§ WHAT YOU ARE ASKED TO DO
An exact copy of the records below is required, and it must contain no pictures.

_ _ _

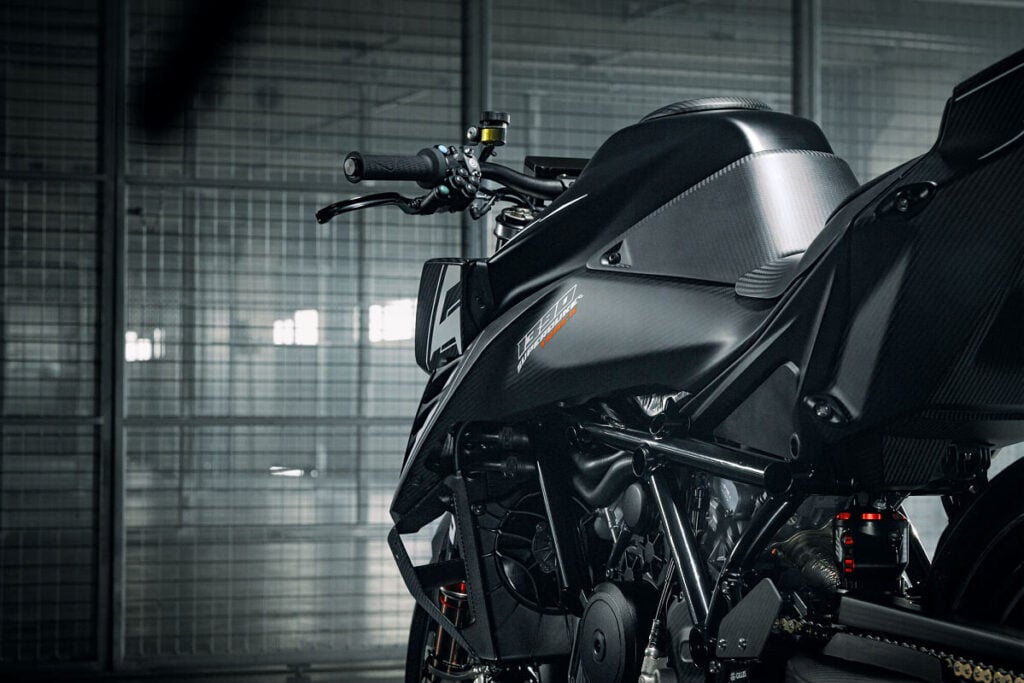 ktm et wp suspension viennent de créer une arme de circuit déguisée en naked, avec une technologie issue de la course et un tarif qui annonce déjà la couleur 4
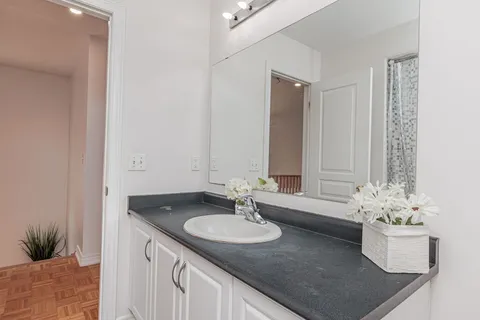 10 Natronia Trail, Brampton, ON L6P 3N1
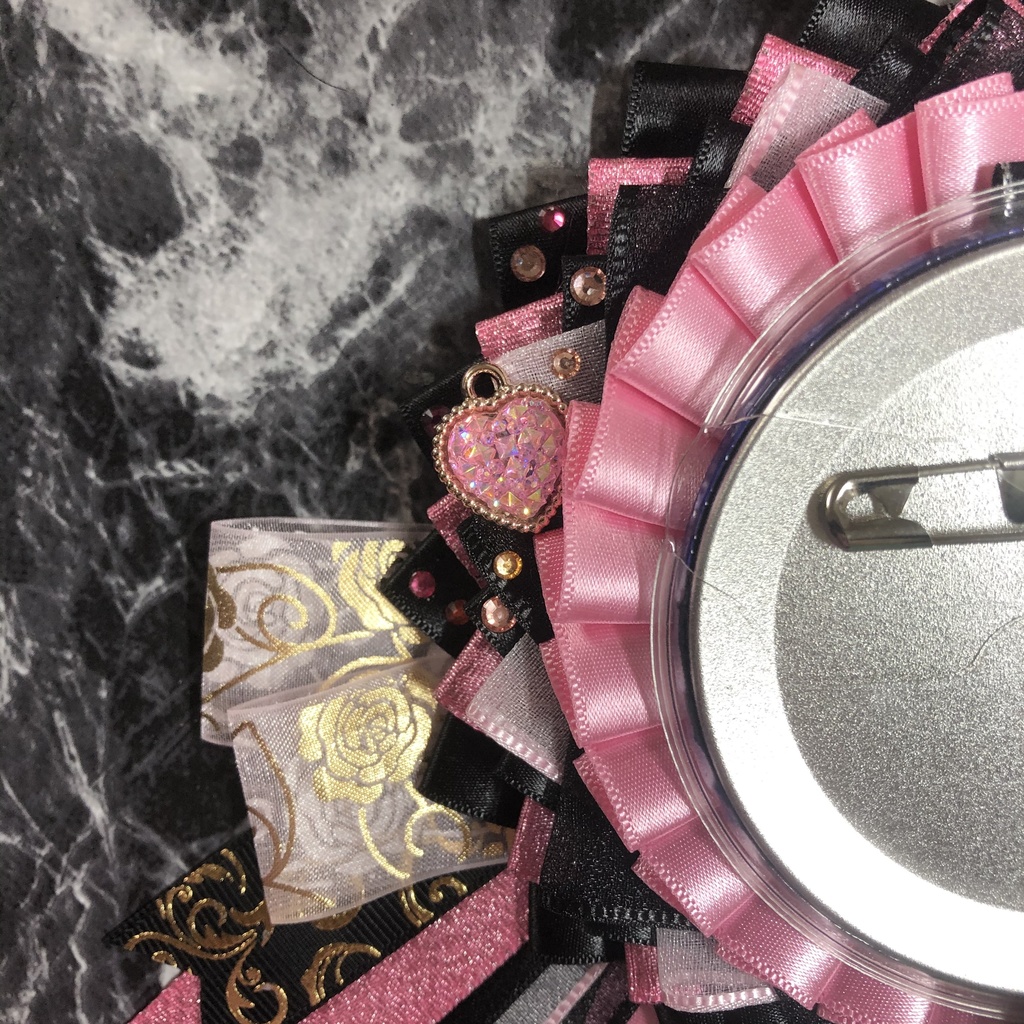 ロゼット Sタイプ 缶バッジ57〜75mm カラー:ピンク×黒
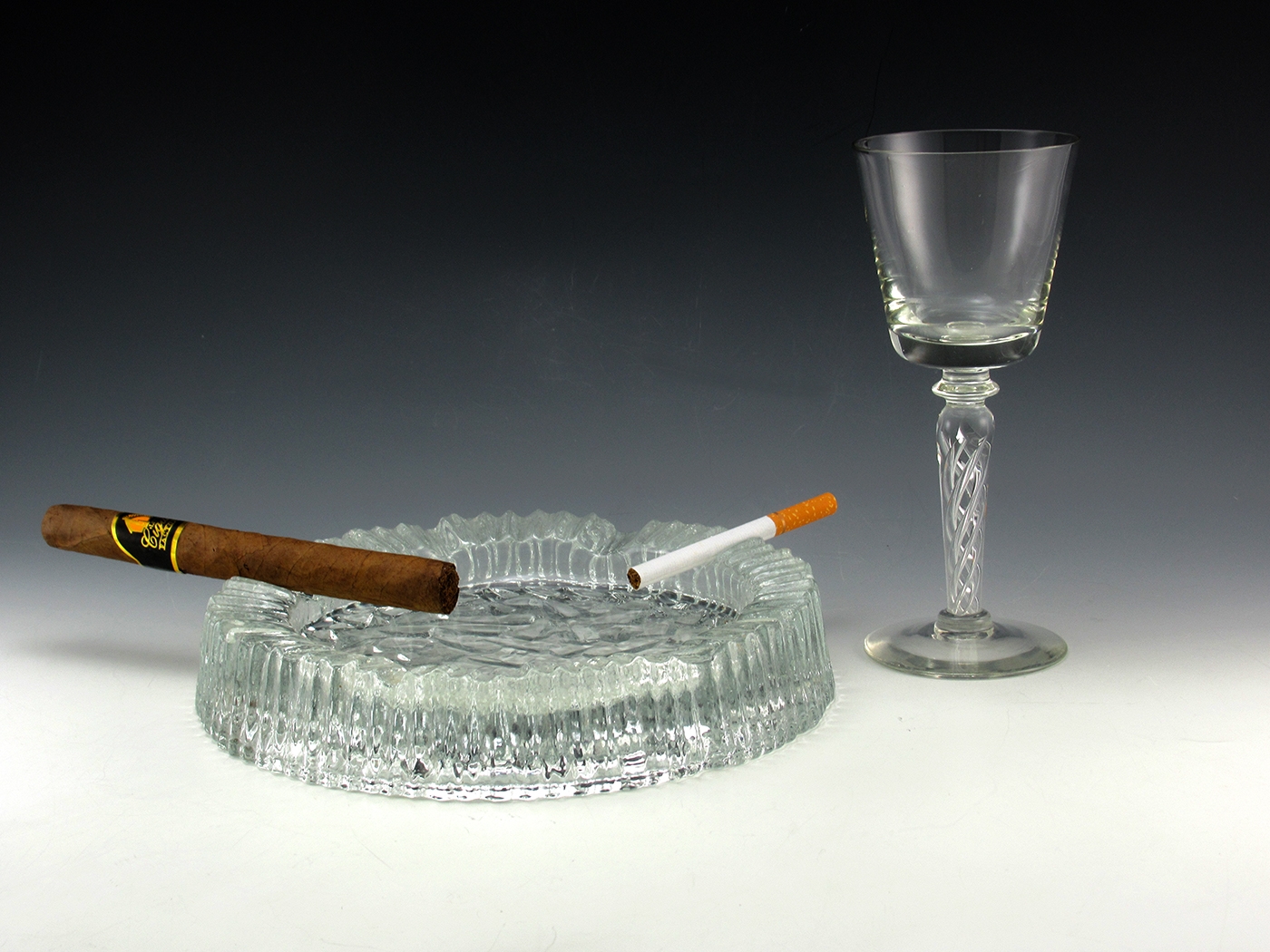Ashtray Swedish Crystal Artic Ice by Skruf Vintage - Image 2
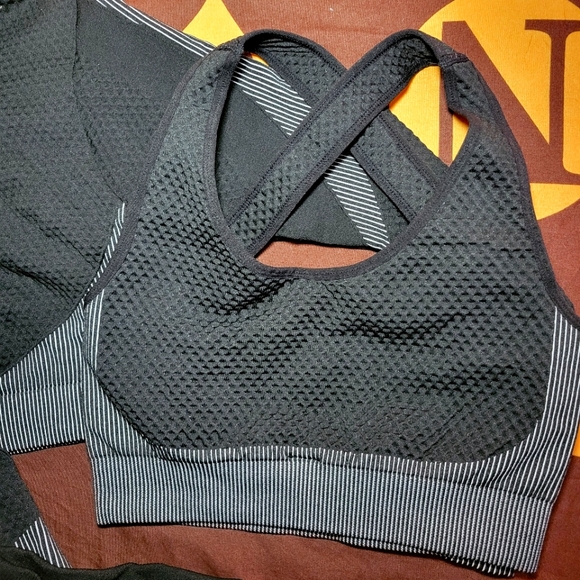 WORK OUT SET - Picture 7 of 8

_ _ _

§ EXERCISE RESULT
 ktm et wp suspension viennent de créer une arme de circuit déguisée en naked, avec une technologie issue de la course et un tarif qui annonce déjà la couleur 4
 10 Natronia Trail, Brampton, ON L6P 3N1
 ロゼット Sタイプ 缶バッジ57〜75mm カラー:ピンク×黒
Ashtray Swedish Crystal Artic Ice by Skruf Vintage - Image 2
 WORK OUT SET - Picture 7 of 8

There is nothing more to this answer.